# I love getting the big ones



## .22outdoorsmen (Jul 6, 2010)

I love picking up the card out of my trail cam to find a nice buck on there. Haha it makes my whole weekend. I know there have already been some posts on trail cam pics so its ok I wont post them. Just wondering if anybody else looks like it as almost hunting in the off season?!...


----------



## Rebel17 (Aug 23, 2011)

I have a farm that i hunt on and there are three really nice bucks there.


----------



## bow hunter11 (Dec 7, 2010)

i hunt by my cabin and i have 1 nice bucks and 4 little guys


----------



## outdoorsman3 (Nov 15, 2010)

yes...yes I do...


----------



## outdoorkid1 (Nov 20, 2010)

outdoorsman3 said:


> yes...yes I do...


Looks like an excellent buck. Hope you can get him.


----------



## outdoorsman3 (Nov 15, 2010)

thanks man!! I am sooo excited  here, ill post the other buck that I got.


----------



## outdoorsman3 (Nov 15, 2010)




----------



## outdoorsman3 (Nov 15, 2010)

BIG OL' 4 or 5 year old doe here with a couple twins!


----------



## outdoorkid1 (Nov 20, 2010)

Nice. I have a doe with 3 fawns around my house and the doe is like 6.5 years old and it is big!!!


----------



## wolfeman (Dec 3, 2010)

it sucks at my place untill the acorns are on the ground and the does and getting ready to go into heat because im in doe country so until season comes along i really cant track them to much


----------



## bow hunter11 (Dec 7, 2010)

Hey ben you finally got some pitures off of the buschnell. Do you like yours? i like mine.


----------



## bonecollector 3 (Jan 16, 2011)

Bout as big as they get around here.


----------



## outdoorsman3 (Nov 15, 2010)

bow hunter11 said:


> Hey ben you finally got some pitures off of the buschnell. Do you like yours? i like mine.

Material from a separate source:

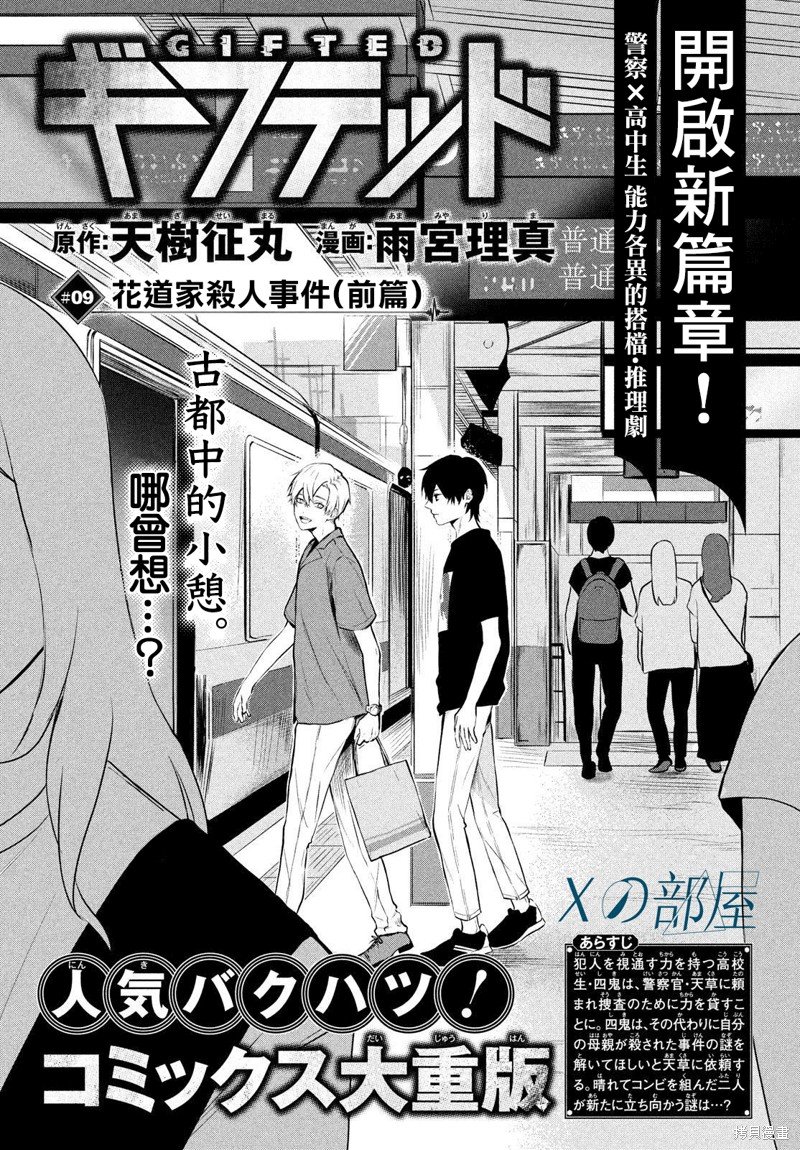 第9话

the pictures I just uploaded were from it, I like it.


----------



## bow hunter11 (Dec 7, 2010)

outdoorsman3 said:


> the pictures I just uploaded were from it, I like it.


they okay pictures but work real good


----------



## outdoorsman3 (Nov 15, 2010)

Ill upload the day picture.. it is beautiful!


----------



## outdoorsman3 (Nov 15, 2010)




----------



## DannyBoy_24 (Jul 21, 2011)

2 different angles here... Cant decide if hes a shooter or not


----------



## outdoorsman3 (Nov 15, 2010)

DannyBoy_24 said:


> View attachment 1150342
> 
> View attachment 1150343
> 
> 2 different angles here... Cant decide if hes a shooter or not


I dont know your caliber bucks up in WI, but I know there are some big ones. I know if I was hunting and saw that one, he would be in the back of the f-150!!


----------



## DannyBoy_24 (Jul 21, 2011)

Well last year we had 10 bucks over 190" shot within a 20mile radius of my hometown so its not the biggest but idk if i want to put it in the back of my F-150 knowing what else is out there lol i guess il see if i get the chance at him


----------



## outdoorsman3 (Nov 15, 2010)

DannyBoy_24 said:


> Well last year we had 10 bucks over 190" shot within a 20mile radius of my hometown so its not the biggest but idk if i want to put it in the back of my F-150 knowing what else is out there lol i guess il see if i get the chance at him


if you see him within the opening week, pass him up. if you see him at the end, with a buck tag burning in you pocket draw and fire!


----------



## DannyBoy_24 (Jul 21, 2011)

That is what i am thinking. Take a look at this one i got on in mid july.


----------



## 12-RING SHOOTER (Jul 27, 2010)

DannyBoy_24 said:


> View attachment 1150342
> 
> View attachment 1150343
> 
> 2 different angles here... Cant decide if hes a shooter or not


i'd shoot him, think, he ain't done growin yet!! soon, but not quite!


----------



## 12-RING SHOOTER (Jul 27, 2010)

my bad, around here deer aren't done growing bone, soon though


----------



## bow hunter11 (Dec 7, 2010)

Driving by my stand today i saw a new buck 5x4 that'll score 140-150.


----------



## PAxDEERxSLAYER (Aug 24, 2011)

there are some nice bucks here guys. i wish i could put up some of mine but my dad always takes the card out of the camera and puts it into the cuddeback viewer looks at them takes a picture with his phone from there and deletes it lol.


----------



## outdoorsman3 (Nov 15, 2010)

didnt get any huge ones but here are a few pictures I got..


----------



## outdoorsman3 (Nov 15, 2010)

2nd big ol doe in the same spot.


----------



## isaacdahl (Feb 27, 2010)

Here's some bucks we got this summer at one of the farms we hunt. Haven't seen em since these pics were taken. They're nothing to big but I'd be happy with them:smile:.


----------



## outdoorsman3 (Nov 15, 2010)

*Oh boy I do love the big ones!!*


----------